For those who don’t know the tool: Live FX by Assimilate is a real-time compositing and playback mediaserver for LED volumes, virtual production, and camera tracking setups. It sits alongside Assimilate’s tools Scratch and Play Pro Studio and connects easily with Unreal Engine for real-time output. You’ll find it in the same part of the pipeline where mediaservers, camera tracking, and LED walls meet, between VFX, lighting, and on-set supervision. More on Live FX is in the works, there is a big story about it in the very near future!

Multi-Display Output: Big Walls Made Easy
Version 9.9 lets users drive as many GPU outputs as their hardware (and budget) can handle, with the option to switch any output into HDR mode. Native Quadro Sync (Pretty much the only tech where Nvidia still calls it Quadro) support now keeps multi-display and multi-node setups in perfect frame alignment. A typical use case is a virtual production stage needing six LED processors across two GPUs. This makes HDR workflows and non-standard screen layouts much more manageable (Also looking towards our colleagues in the Live Event space).
Stage Manager Gets Hands-On
The Stage Manager has received a serious overhaul. Entire stages, including their 3D meshes, can now be imported and exported, making it easier to share, test, archive or replicate setups across multiple systems. The new Mapper tab allows artists to segment and rotate individual screens, or even rotate full display outputs. For preparation off stage, virtual displays can be created and later swapped with physical outputs. No panic at the brain bar!
A new Previs tab allows users to drop in placeholders such as actors, cars, or props, then capture storyboard snapshots for pre-shoot planning. On a practical level, this makes it easier to block out a scene and share spatial layouts before the physical stage is lit, and you can catch mistakes before there is an audience.



Multi-Node Workflow: Scaling Without Pain
Live FX 9.9 introduces true multi-node operation, enabling several Live FX systems to run in sync to drive very large LED volumes.
Three sync modes (Player, Project and Session) control how tightly playback and settings are aligned between systems. A “Moderator” role can be assigned to any system, so one operator takes charge of colour, compositing and Live Link control from any node. For instance, a production could run one node as the main playback system, another to manage colour and lighting, and a third to handle Unreal Engine integration, all coordinated in real time.

Unreal Engine Workflow: More Control, Less Alt-Tab
Unreal Engine integration has been tightened. Live FX can now start and stop Unreal projects directly from inside the Live FX UI, whether in Editor, Game or nDisplay mode.

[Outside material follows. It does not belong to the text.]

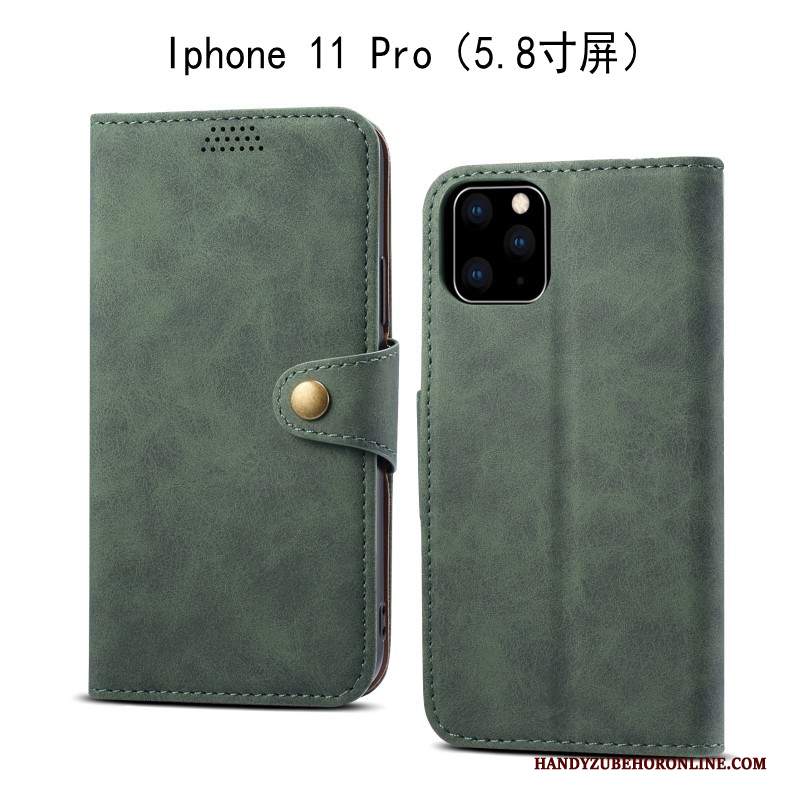 Custodia iPhone 11 Pro Folio Morbido Grigio, Cover iPhone 11 Pro Pelle Anti-cadutatelefono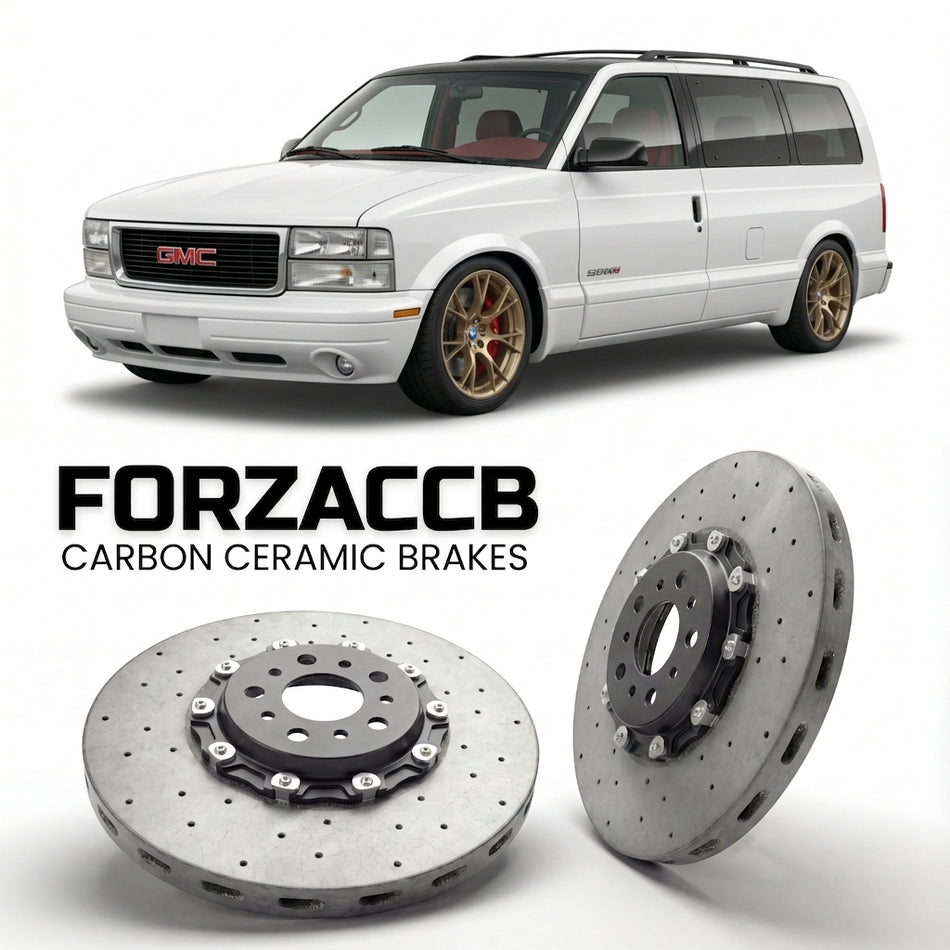 ForzaCCB direct OEM replacement carbon ceramic brake rotors for 2005 to 2005 GMC Safari II models, shown with a white GMC Safari car.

The UE camera can be moved from within Live FX, with position bookmarks allowing instant jumps between setups (Think: Different scenes). The updated Live Link plugin simplifies connection setup and can automatically generate nDisplay configurations from exported Live FX stages. In practice, this means that a stage operator can adjust a virtual camera position or trigger a scene change without touching Unreal, which is ideal during fast-paced shooting days.

Stage Lights Update: Lighting That Plays Along
A new Fixture Library supports user-created entries using GDTF or FDMX templates. Multiple fixtures can be created and auto-patched in a single step. The viewport now allows snapping, lasso-selection and group resizing, making it easier to handle complex light grids. This feature comes in handy for stages using hybrid lighting rigs where both physical and virtual lights must be matched. Just be careful the collection tick doesn’t turn into “I have to have all the lights!”.

General Upgrades and Under-the-Hood Additions
The 9.9 release adds OpenTrackIO support for both receiving and transmitting tracking data, bridging camera and object tracking systems in mixed setups. HAP codec import and export has been added and includes the 16-bit HDR variant, useful for playback of high-quality plates. A new Direct-to-Wall mode simplifies simple image placement on LED panels (Choose your own screensaver-testimage, or use this one), and planar and frustum projection modes gain feathered edges for cleaner blends. Integration with MRMC’s FLAIR now allows Live FX to import pre-programmed camera motion paths and sync them with virtual shots, saving time when combining motion-control robotics and virtual environments.
In Summary
Live FX 9.9 focuses on scalability and control, offering more displays, more nodes, tighter Unreal integration and smoother stage workflows. For productions expanding their LED volumes or adding Unreal-driven environments, this version removes several long-standing pain points in multi-system operation. Get an overview in the Documentation HERE.
As always, test all new features thoroughly before deploying them in live productions, especially when syncing multiple systems or hardware outputs.